I would like to know the tax consequences of cashing out retirement
accounts when leaving an employer, rather than rolling over the funds to
another qualified account or leaving them in the employer's accounts.  I
live in New York City.  I have two accounts:

1) A 401(k) plan funded by both payroll deductions and firm match.

2) A defined-contribution pension plan funded solely by the firm.

Thank you.


John E 


 13 Apr 2007 20:46 UTCFri 13 Apr 2007 - 8:46 pm UTC 

If you cash them out, it seems fairly obvious that the lump sum payments then fall under the category of simple income.

Is there some implication I'm missing in your question, or some thought you have as to why this would not be the case?




 13 Apr 2007 21:08 UTCFri 13 Apr 2007 - 9:08 pm UTC 

I guess I forgot to state a few facts.  I am 32 years old.  The 401(k) payroll deductions were tax deferred contributions.  I'm pretty sure this means there's a penalty, which I believe is 10% but I would like verification of this.  Additionally, I believe the employer has to withhold 20% for federal tax, which would be reconciled on the year's tax return.




 14 Apr 2007 00:23 UTCSat 14 Apr 2007 - 12:23 am UTC 

Hi Nelson,

Yes, you'll have to pay 10% in federal tax and your employer will withhold 20% on that 401k.

Unless you're in desperate need of that cash, you should either leave it in your current employer's plan (unless you're leaving to take another job and the employer you're leaving doesn't allow that, or your 401k is under $5,000);or roll over that money into other retirement investments, like IRAs.

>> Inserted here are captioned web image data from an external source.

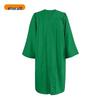 2024 European & American Graduation Gown for High School, College, Master's & Doctoral Students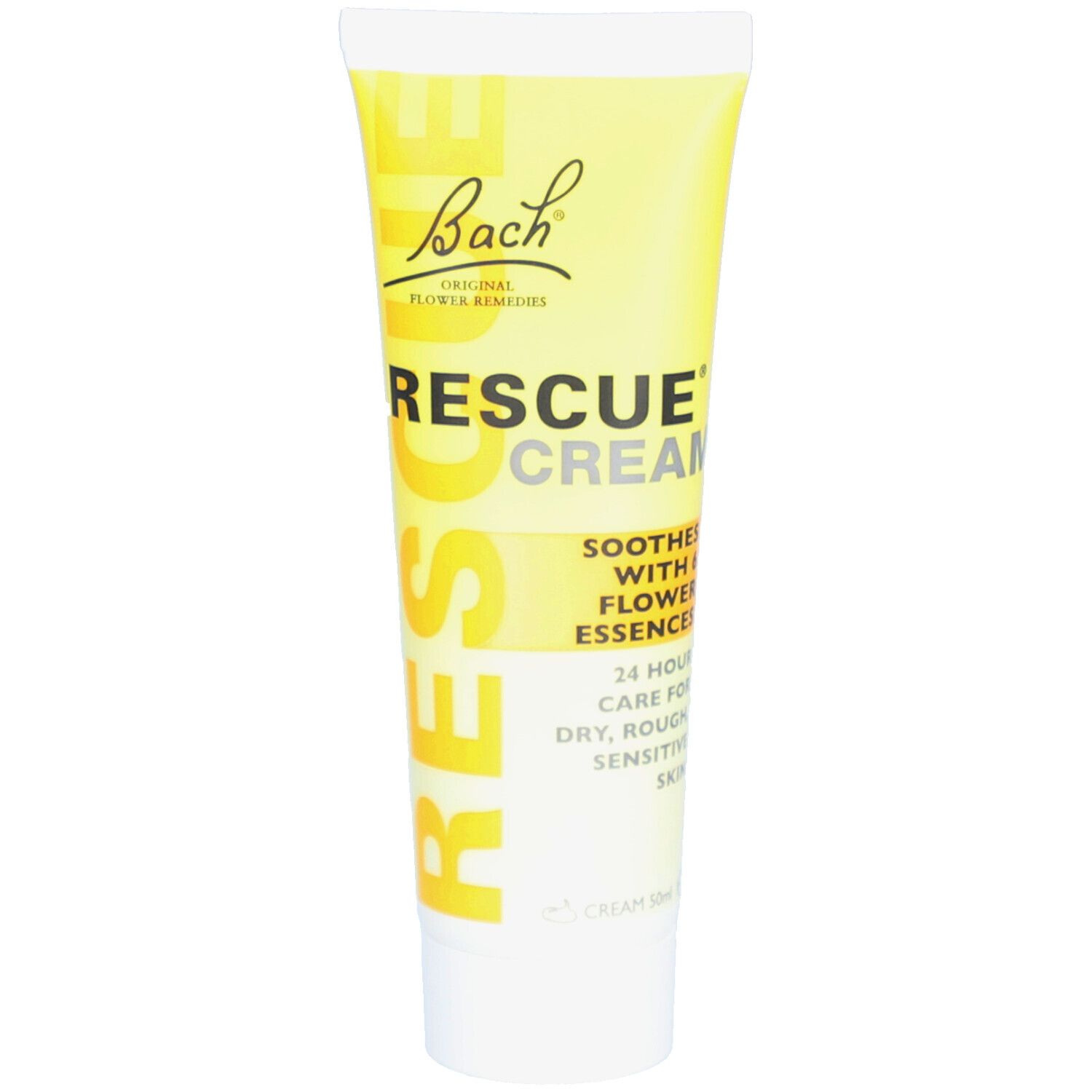 BACH ORIGINAL RESCUE® CREME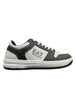 SCARPE Bianco/grigio Ea7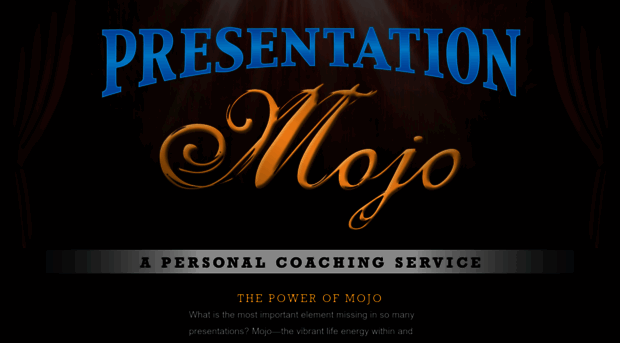 presentationmojo.com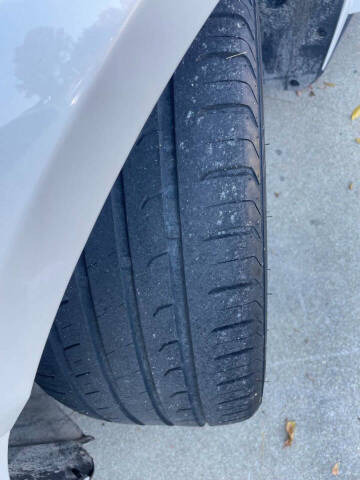 2012 Ford Focus Titanium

Otherwise, unless you qualify for a few very specific hardship tax exemptions, you'll be facing considerable tax expenses.

See the IRS's page on early distribution from 401ks:

The IRS:

"I changed jobs and my old employer sent me a check for my 401(k) money withholding 20% for Federal Income Tax. I rolled over the distribution to my 401(k) plan at my current employer within 60 days. Since money was withheld from the 401(k) distribution, do I have to include that money as income?

"If the amount rolled over was the net amount, that is, the amount of the distribution less the tax withheld, then the 20% withholding amount not rolled over is included in gross taxable income and may be subject to a 10 percent additional tax on early distributions from qualified retirement plans. Use Form 5329 (PDF), Additional Taxes on Other Qualified Plans (including IRA's), and Other Tax-Favored Accounts, to report the penalty.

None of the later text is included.